- _WHAT TO PRODUCE_
Reproduce the listing below word for word and exclude any picture.

- _PROVIDED MATERIAL_
***
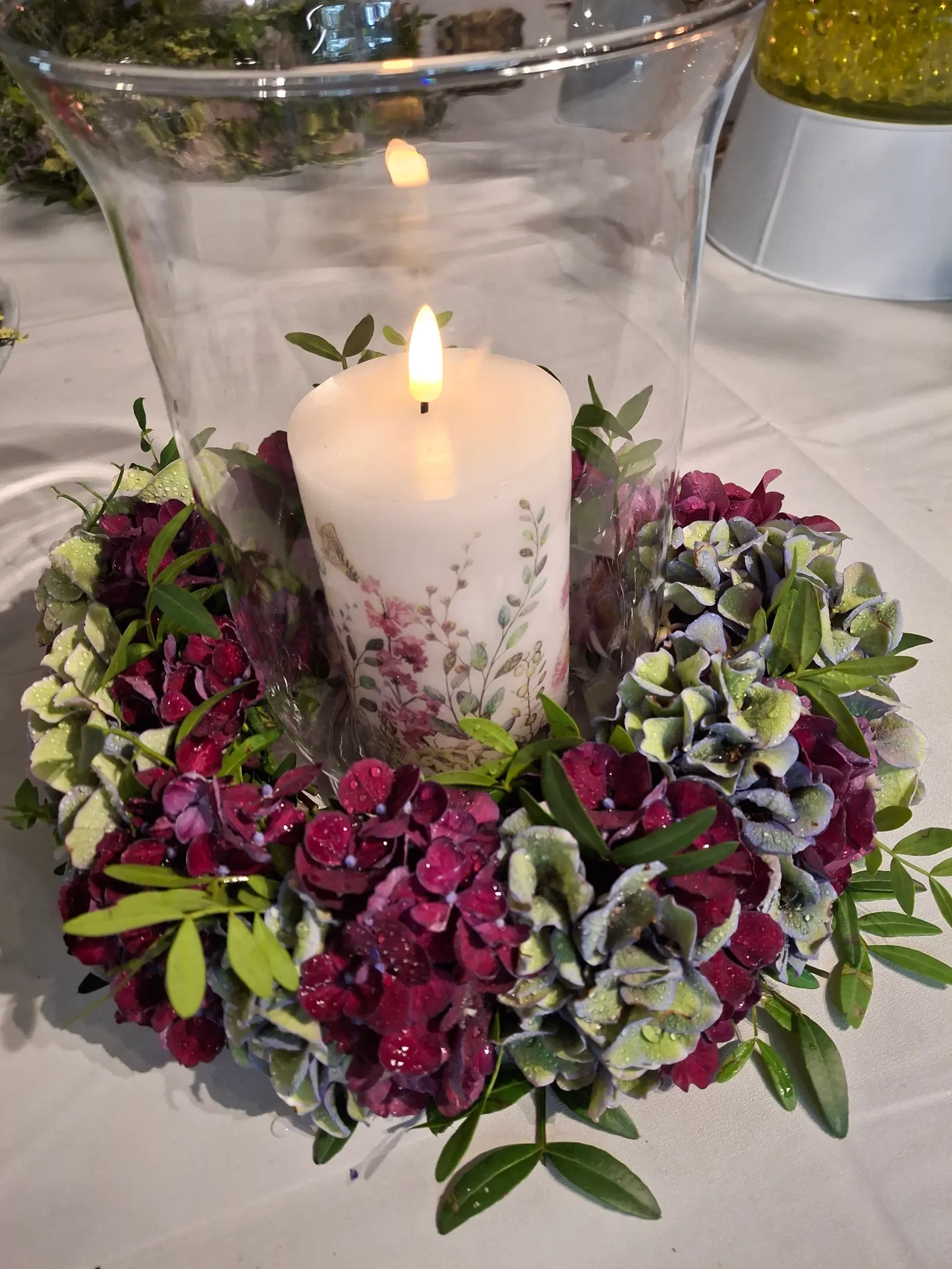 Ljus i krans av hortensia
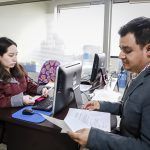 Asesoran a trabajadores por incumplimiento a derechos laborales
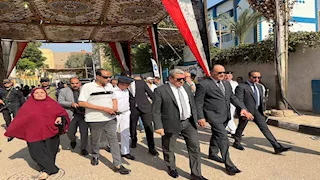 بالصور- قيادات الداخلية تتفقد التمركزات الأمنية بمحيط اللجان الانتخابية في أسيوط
***
- _WRITTEN ANSWER_
 Ljus i krans av hortensia
 Asesoran a trabajadores por incumplimiento a derechos laborales
 بالصور- قيادات الداخلية تتفقد التمركزات الأمنية بمحيط اللجان الانتخابية في أسيوط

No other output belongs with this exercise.